Lungotevere Castello, 50 - Roma mappa
Inaugurazione 08/12/2016
L’8 dicembre 2016 apre al pubblico nelle due sedi del Museo Nazionale di Castel Sant’Angelo a Roma e del Museo Giacomo Manzù di Ardea la mostra “Manzù. Dialoghi sulla spiritualità, con Lucio Fontana”. La mostra è organizzata dal Polo Museale del Lazio con il patrocinio del Pontificio Consiglio della Cultura e in collaborazione con il Comune di Ardea e la Fondazione Giacomo Manzù. Hanno inoltre collaborato 'Sapienza’ Università di Roma, Dipartimento di Architettura e Progetto e lo CSAC - Centro Studi e Archivio della Comunicazione di Parma.

La cura scientifica della mostra è di Barbara Cinelli (Università di Roma Tre) con Davide Colombo (Università di Parma). Gli altri componenti del comitato scientifico sono Penelope Curtis (Fondazione Calouste Gulbenkian Lisbona), Maria Giuseppina di Monte (direttrice del Museo Giacomo Manzù di Ardea), Flavio Fergonzi (Scuola Normale Superiore di Pisa), Micol Forti (curatore delle Collezioni d’Arte Moderna e Contemporanea dei Musei Vaticani) e Daniele Menozzi (Scuola Normale Superiore di Pisa). Il catalogo è pubblicato da Electa.

All’indomani del secondo dopoguerra il tema dell’arte sacra appare tanto ampio quanto spesso venato di ambiguità. Giacomo Manzù (Bergamo, 1908 – Roma, 1991) rappresenta in tale contesto un punto fermo. Specie in questo periodo egli prova difatti a stabilire un dialogo vivo e fruttuoso con l’arte contemporanea, fra l’altro prendendo parte, nel 1949, al concorso per la porta di San Pietro in Vaticano. Nello stesso periodo un secondo, grande maestro, Lucio Fontana (Rosario, 1899 – Comabbio, 1968) tenta di rispondere a interrogativi molto simili, partecipando al concorso per le porte del Duomo di Milano del 1950. Stabilire un dialogo fra Manzù e Fontana significa dunque riportare alla luce una linea essenziale dell’arte – italiana e non solo – fra gli anni cinquanta e sessanta del Novecento.
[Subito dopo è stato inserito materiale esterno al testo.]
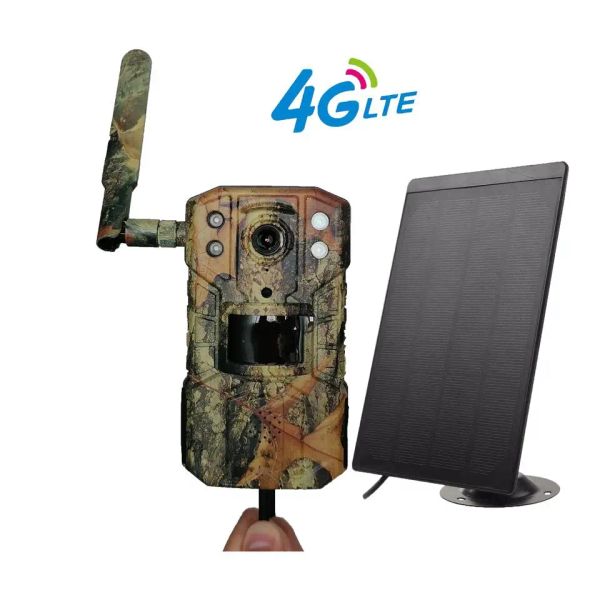 Câmera de trilha celular movida a energia solar de câmeras, armadilhas com cartão SIM, transmissão ao vivo, sem brilho, IR, aplicativo 4G, câmera de caça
In particolare, la mostra rivede l’opera di Giacomo Manzù alla luce di almeno due problemi. Il primo: il rinnovato rapporto con la Chiesa, dopo lo “scandalo” delle formelle esposte a Milano nel 1941. Il secondo: il tentativo del Vaticano di stabilire tra gli anni cinquanta e sessanta – ovvero in un frangente animato da forti contrasti politici e ideologici – un nuovo rapporto con l’arte contemporanea.

La rilettura delle fonti d’epoca, l’attenta analisi della sperimentazione linguistica del maestro, come pure l’inedito accostamento a Lucio Fontana ribadiscono la centralità di Manzù, restituendolo come un protagonista dell’arte del Novecento.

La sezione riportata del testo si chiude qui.